Davie restera fermée pour une période indéterminée

Québec — Les activités de Chantiers Davie, qui devaient reprendre au début du mois prochain, sont arrêtées pour une période indéterminée à raison des problèmes financiers de son principal client, a indiqué hier le syndicat des travailleurs.

Le président de l'exécutif syndical, Paul-André Brulotte, a affirmé qu'à la suite d'une rencontre avec la direction du chantier naval, hier avant-midi, il était incapable de préciser à quelle date seront rappelés les 1100 travailleurs mis à pied temporairement en décembre.

«Pour le retour au travail, on n'est pas capables de mettre de date, a-t-il dit lors d'une entrevue. Avec une nouvelle comme ça, on ne sait plus combien de temps ça va prendre pour rattacher tout ça.»

Mardi, l'entreprise norvégienne Cecon a révélé qu'elle avait d'importantes difficultés financières qui compromettent sa capacité à payer pour les trois navires en construction aux Chantiers Davie.

Au moment de l'annonce des licenciements temporaires, il était prévu que les travailleurs soient rappelés le 19 janvier. Au début du mois cette date a été repoussée au 2 février.
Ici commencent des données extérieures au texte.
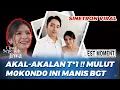 SHOCK MOMENT CINTA SEPENUH JIWA: AKAL-AKALAN BUSUK HASBI DEMI UANG‼️ (Cut Syifa, Kenny Austin)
Au terme d'une rencontre avec le chef de la direction du chantier naval, Steinar Kulen, M. Brulotte a indiqué qu'aucune date de retour au travail n'était sur la table.

Selon M. Brulotte, Cecon n'a pas renoncé à trouver un nouveau prêteur qui pourrait remplacer la banque qui a révoqué un prêt de 200 millions $US, compromettant ainsi ses engagements envers Chantiers Davie.

«Les conséquences, s'ils n'ont pas de financement, on peut imaginer bien des choses, a-t-il dit. À ce qu'on me dit, ils sont très, très confiants que Cecon trouve le financement. Alors on va s'accrocher à ça pour les jours qui viennent.»

Le syndicat croit que si le client réussit, les employés pourraient être rappelés, mais certainement pas à la date prévue.

Actuellement, cinq navires sont en construction au chantier naval, dont trois pour Cecon.

Refinancement

Les difficultés de Cecon s'ajoutent aux propres problèmes de Davie, qui tente toujours de compléter un plan de refinancement de 90 millions, reposant en grande partie sur l'engagement de ses deux clients à payer davantage pour les bateaux qu'ils ont commandés en raison de la hausse du coût des matériaux.

Faute de liquidités et de matériaux, l'entreprise avait mis à pied temporairement ses employés en décembre.

À la Bourse de Toronto, hier, le titre de Davie se transigeait à 8,5 ¢, en baisse de 3,5 ¢, soit 29 %.